LavaTech Incidents

June 15, 2021 Outage Postmortem

Wed, 16 Jun 2021 08:50:39 +0000

Elixi.re Move Downtime 2020-07-22

Wed, 22 Jul 2020 15:31:22 +0000

This is an incident report on our blog page. Page isn't automatically refreshed, please hit F5 yourself. We do post live updates on the elixire discord guild.

Result

This move was successful.

Total upload downtime was ~27 minutes, and total access downtime was ~14m. Some domains are facing more downtime due to Cloudflare.

Announcement:

Hello everynyan!

The big day has come, I'm finally feeling like moving elixire from edgebleed to laserjet serber. The downtime will happen in 2.75 hours, at 5PM UTC. Expected downtime is 30 minutes, but may be shorter or longer than that. Images will still load, but no new API activity will be allowed during this time (new uploads, registers, deletions etc).

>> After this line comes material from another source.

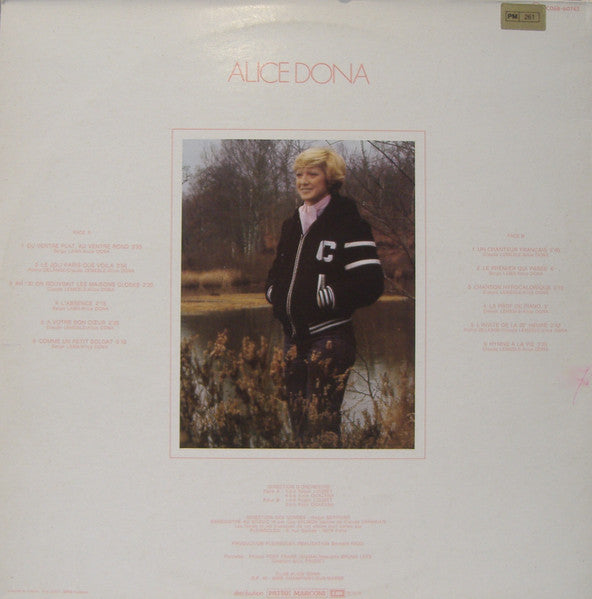 Alice Dona –Du Ventre Plat, Au Ventre Rond. [Vinyle 33Tours] - flash vidéo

What's so important about this move, I hear you asking, here, let me explain it with a dead meme

~~As I should be a responsible adult, I'll note that it doesn't have an entire /24 or /32 to itself~~

Checklist

Done:

Do initial setup of elixire on laserjet-elixire
Do initial setup of firewall on laserjet-elixire
Announce downtime
Do initial rsync of images from edgebleed-elixire to laserjet-elixire
Do nginx setup, port it for new setup on laserjet-elixire
Prepare readonly mode on edgebleed-elixire
Install pm2 on laserjet-elixire
Set up backups on laserjet-elixire
Do rsync roughly every hour until the downtime
Go on read-only mode on edgebleed-elixire (rm /etc/nginx/sites-enabled/elixire.conf;ln -s /etc/nginx/sites-available/elixire-ro.conf /etc/nginx/sites-enabled/;systemctl reload nginx)
Verify that elixire is on RO mode
Disable backups task on edgebleed-elixire (systemctl disable --now elixirebackupdb.timer; systemctl disable --now elixirebackup.timer)
One last rsync
Dump db on edgebleed-elixire (pg_dumpall?)
Copy db dump from edgebleed-elixire to laserjet-elixire (wormhole?)
Import db (psql -f dumpfile postgres)
Start elixire manually on laserjet-elixire
Move reverse records on dabbox, reload nginx
Verify everything works
Move elixire instance to pm2
Announce uptime
Start backups task on laserjet-elixire
Whoops: Fixed an instance where uploads failed for non-admin users due to missing clamav, clamdscan and clamav-daemon packages (plus systemctl enable --now clamav-daemon). Caused 5 minutes of upload downtime.
Low priority: Configure nginx on laserjet-elixire and do more DNS tweaking so that traffic from CF doesn't go through dabbox
Verify that DB backups work
Fix DB backups (install jq, import keys of devs for encryption, change script so that ave's latest key is used (whoops!))
Whoops: Fix an instance where elixire was inaccessible due to nginx having issues, and also due to me forgetting to paste in some lines. It's all good now. Caused a downtime that took upwards of 12m. This is still ongoing on some domains, but is caused by cloudflare caching. Requests time out to these domains.
Verify that image backups work (I had to move to latest duplicity for reasons I explained here)

Running:

We're (Well, Luna is) investigating an issue with clamav.

To Do:

(none)

Done: a3.pm XMPP Services Maintenance Downtime 2020-04-19

Sun, 19 Apr 2020 16:49:37 +0000

This is an incident report on our blog page. Page isn't automatically refreshed, please hit F5 yourself. We do post live updates on our discord guild: https://discord.gg/urgYG9S

Result

This maintenance was successful. Downtime end time: 8:02PM GMT As of 8:30PM GMT, extended backups are also now enabled, and as of 8:38PM GMT, automated MAM clearing was deployed, but these required no downtime.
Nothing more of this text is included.